- Problem: Transcribe the listing below in full, exactly, with no images.

══════════

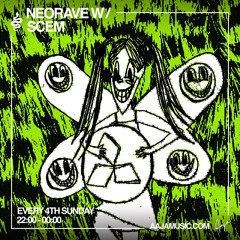 NeoRave w/ SceM 005 - Walfroy - Aaja Music - 28 03 21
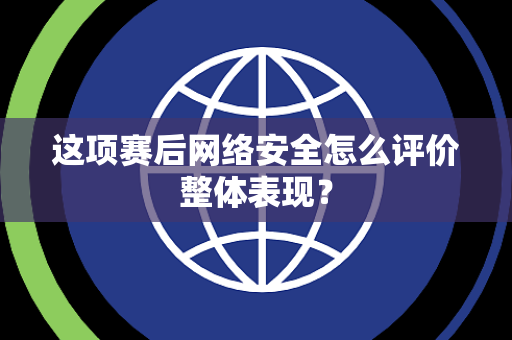这项赛后网络安全怎么评价整体表现？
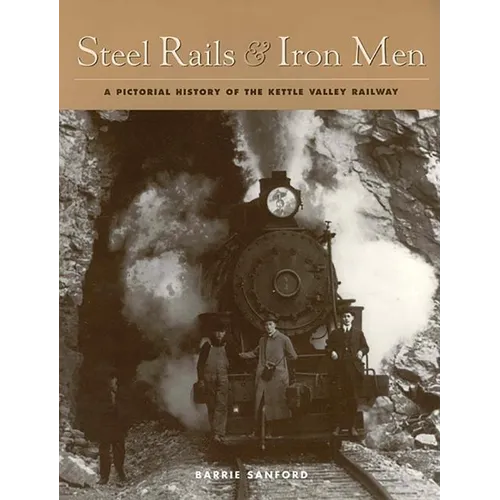 Steel Rails and Iron Men: A Pictorial History of the Kettle Valley Railway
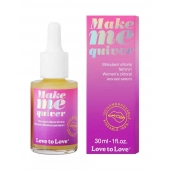 Возбуждающие капли для клитора Make Me Quiver - 30 мл. - Love to Love - купить с доставкой в Балаково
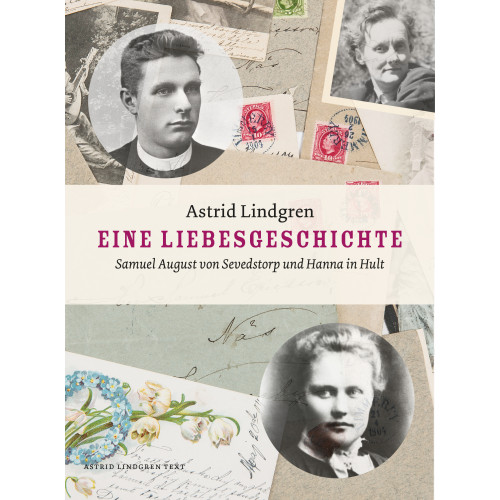 Astrid Lindgren Eine Liebesgeschichte: Samuel August von Sevedstorp und Hanna in Hult (bok, danskt band, ger)
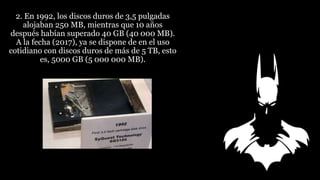 2. En 1992, los discos duros de 3,5 pulgadas
alojaban 250 MB, mientras que 10 años
después habían superado 40 GB (40 000 MB).
A la fecha (2017), ya se dispone de en el uso
cotidiano con discos duros de más de 5 TB, esto
es, 5000 GB (5 000 000 MB).
 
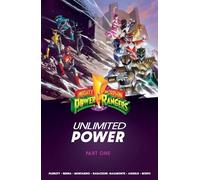 Mighty Morphin Power Rangers: Unlimited Power Vol. 1 – Unlimited Power Vol. 1 SC – BOOM! Studios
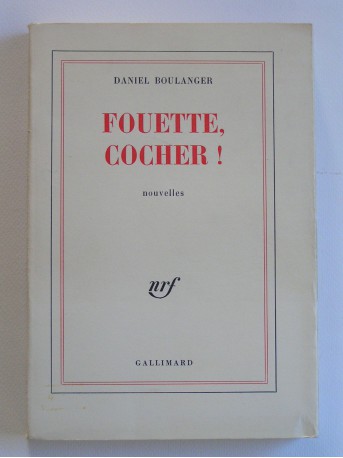 Daniel Boulanger - Fouette, cocher!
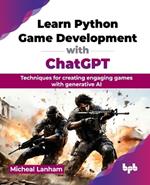 Learn Python Game Development with ChatGPT: Techniques for creating engaging games with generative AI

══════════

- Solution below:
 NeoRave w/ SceM 005 - Walfroy - Aaja Music - 28 03 21
这项赛后网络安全怎么评价整体表现？
 Steel Rails and Iron Men: A Pictorial History of the Kettle Valley Railway
 Возбуждающие капли для клитора Make Me Quiver - 30 мл. - Love to Love - купить с доставкой в Балаково
 Astrid Lindgren Eine Liebesgeschichte: Samuel August von Sevedstorp und Hanna in Hult (bok, danskt band, ger)
 2. En 1992, los discos duros de 3,5 pulgadas
alojaban 250 MB, mientras que 10 años
después habían superado 40 GB (40 000 MB).
A la fecha (2017), ya se dispone de en el uso
cotidiano con discos duros de más de 5 TB, esto
es, 5000 GB (5 000 000 MB).
 
 Mighty Morphin Power Rangers: Unlimited Power Vol. 1 – Unlimited Power Vol. 1 SC – BOOM! Studios
 Daniel Boulanger - Fouette, cocher!
 Learn Python Game Development with ChatGPT: Techniques for creating engaging games with generative AI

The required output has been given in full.